Alzheimer’s disease (AD) is a progressive neurodegenerative disorder, characterized by the presence of β-amyloid (Aβ) plaques and neurofibrillary tangles, and is accompanied by a robust inflammatory response that clinically presents as the progressive loss of cognition and memory, ultimately leading to death. The disease is associated with a disruption of Aβ homeostasis and it’s deposition in the brain, which initiates a microglial-mediated immune response that produces pro-inflammatory cytokines and reactive nitrogen and oxygen species.

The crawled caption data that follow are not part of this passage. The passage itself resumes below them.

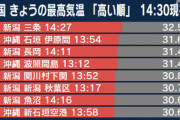 新潟の三条市･長岡市､4月で30度超えｗｗｗｗｗｗｗ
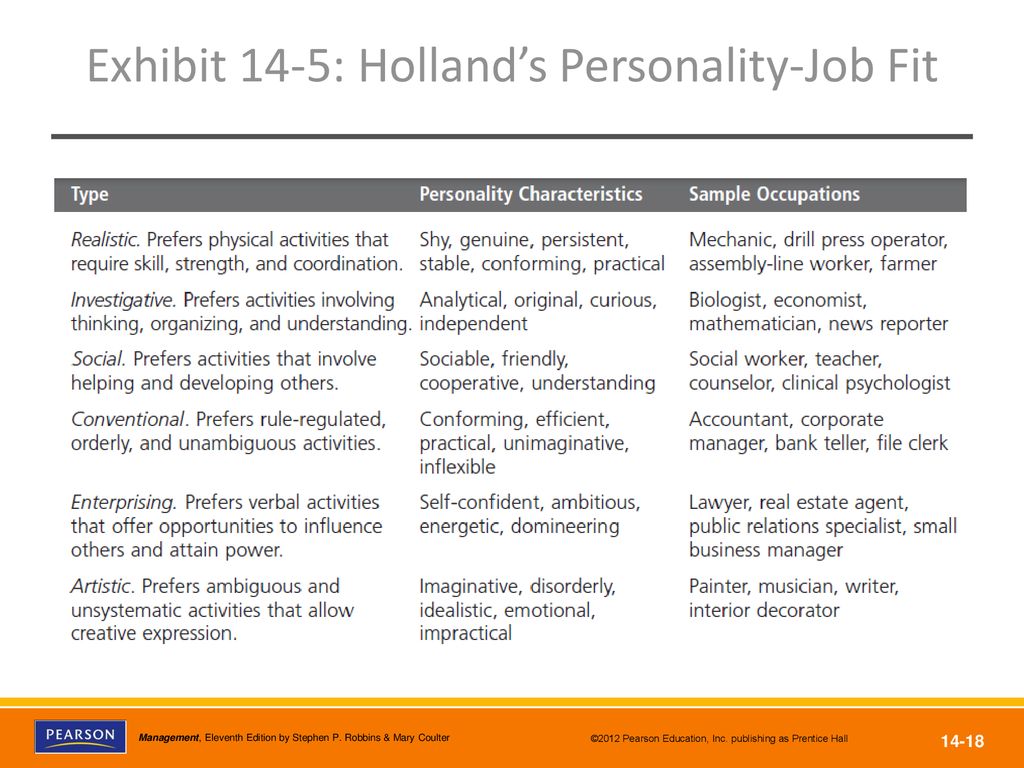 Exhibit 14-5: Holland’s Personality-Job Fit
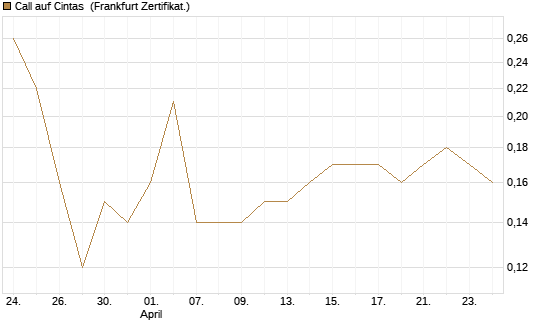 Call auf Cintas [Société Générale Effekten GmbH] Chart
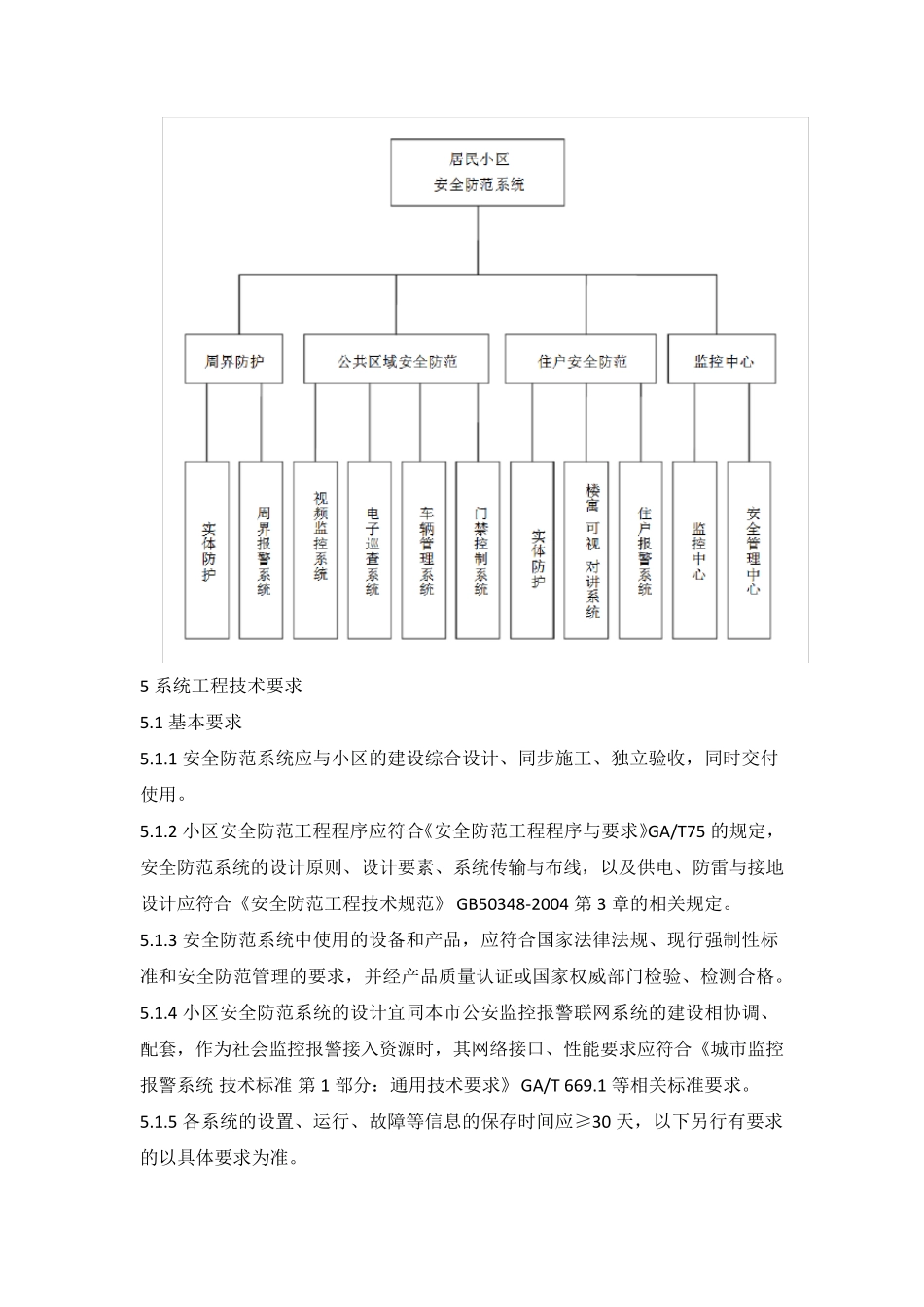 居民住宅小区安全防范系统工程技术规范(2016版)_第3页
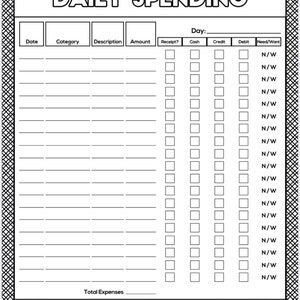 Budgeting Bundle Colouring Pages, Money Tracker, Finance Planner, Get ...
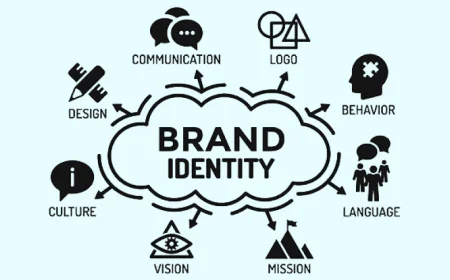 Building a Strong Online Presence with the Right Digital Partner
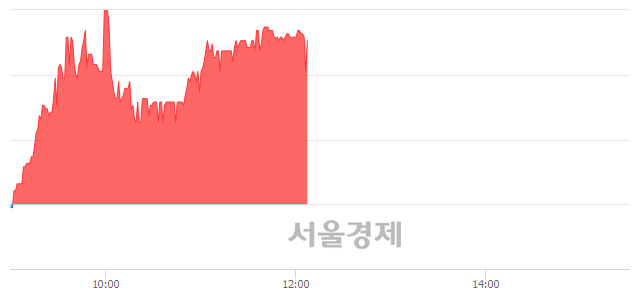 <코>아이컴포넌트, 매수잔량 3914% 급증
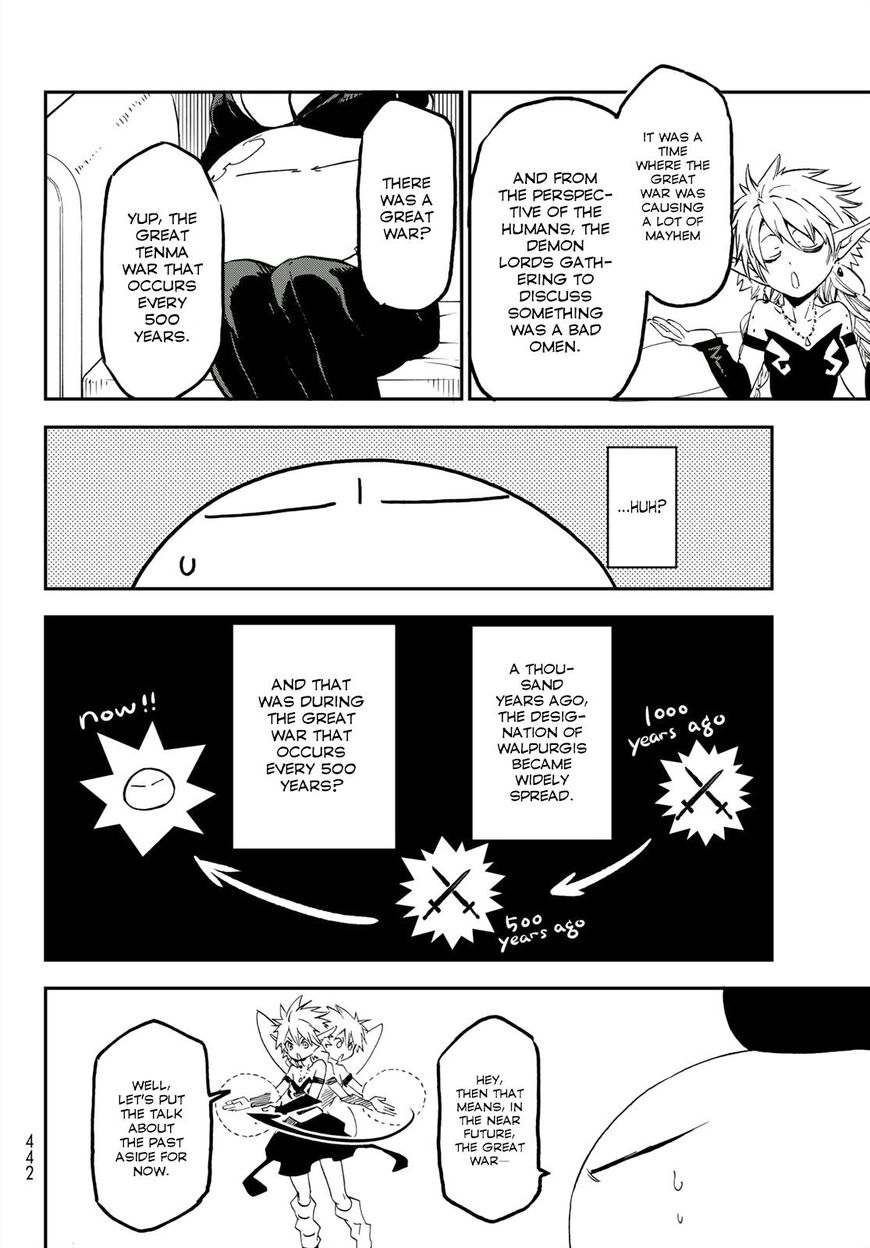 Read Tensei Shitara Slime Datta Ken Manga Online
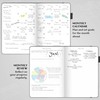 Legend Planner – Weekly & Monthly Life Planner to Hit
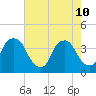 Orton Point tide chart for Sunday, May 10, 2026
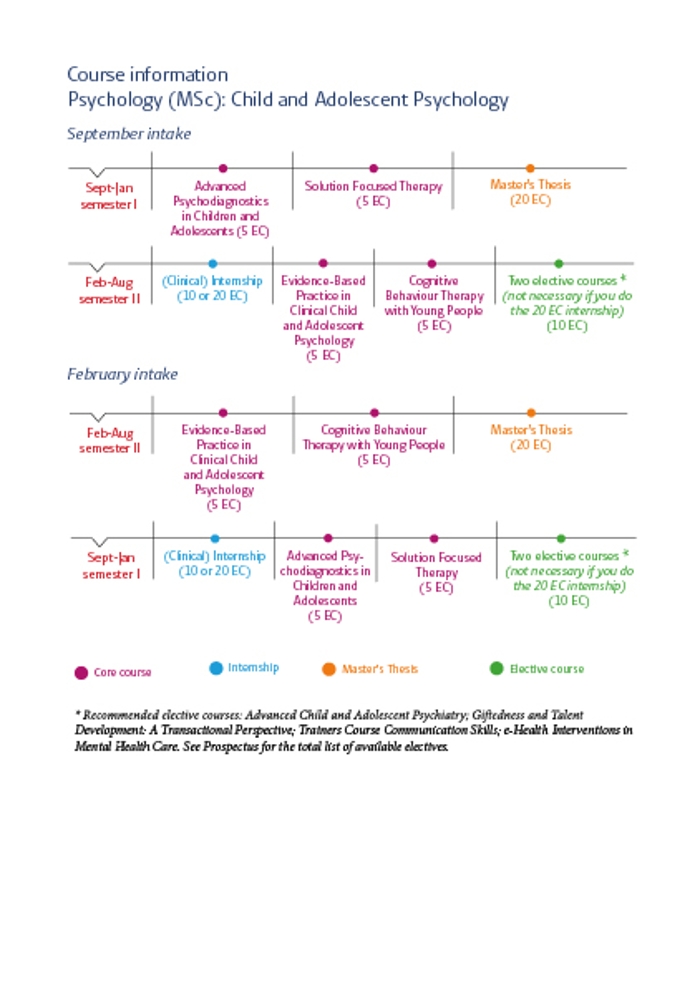 Course schedule Child and Adolescent Psychology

Using ibuprofen, a peroxisome proliferator activated receptor γ (PPARγ) agonist and non-steroidal anti-inflammatory (NSAID), we demonstrate that chronic ibuprofen treatment reduces Aβ burden by 90% in the parenchyma and prevents microglia, the primary producers of reactive oxygen and nitrogen species, from forming the NADPH oxidase. Ibuprofen prevents the phosphorylation of Vav and consequently RAC1 translocation to the plasma membrane, preventing NADPH oxidase assembly, thus inhibiting the release of superoxide radicals. Consequently, we report less oxidative damage in the brains of mice treated with ibuprofen.
We further extend our studies to assess the mechanism of Aβ removal from the brain and the behavioral outcomes in mouse models of AD, by using a retinoid X receptor (RXR) selective, FDA approved agonist, bexarotene. We show that bexarotene utilizes its ability and obligation to heterodimerize with Liver X Receptor (LXR) to induce the expression of LXR response element genes, apolipoprotein E, ABCA1 and ABCG1, and elevating HDL levels in the brains of treated AD mice. We show that following 1 dose of bexarotene, soluble Aβ levels are reduced for up to 84 hours. We show that after just 72 hours of bexarotene treatment, the plaque burden is reduced by 50%. The consequence of reducing soluble Aβ levels is correlative to ameliorating the AD-related behavioral deficits in three different AD mouse models and reversing a neural circuit deficit.
Together our data demonstrate the important roles for nuclear receptors in preventing the inflammation associated with AD and facilitating clearance of Aβ species. These data may provide a novel therapeutic strategy for the treatment of the neurodegenerative disease and its prodromal states.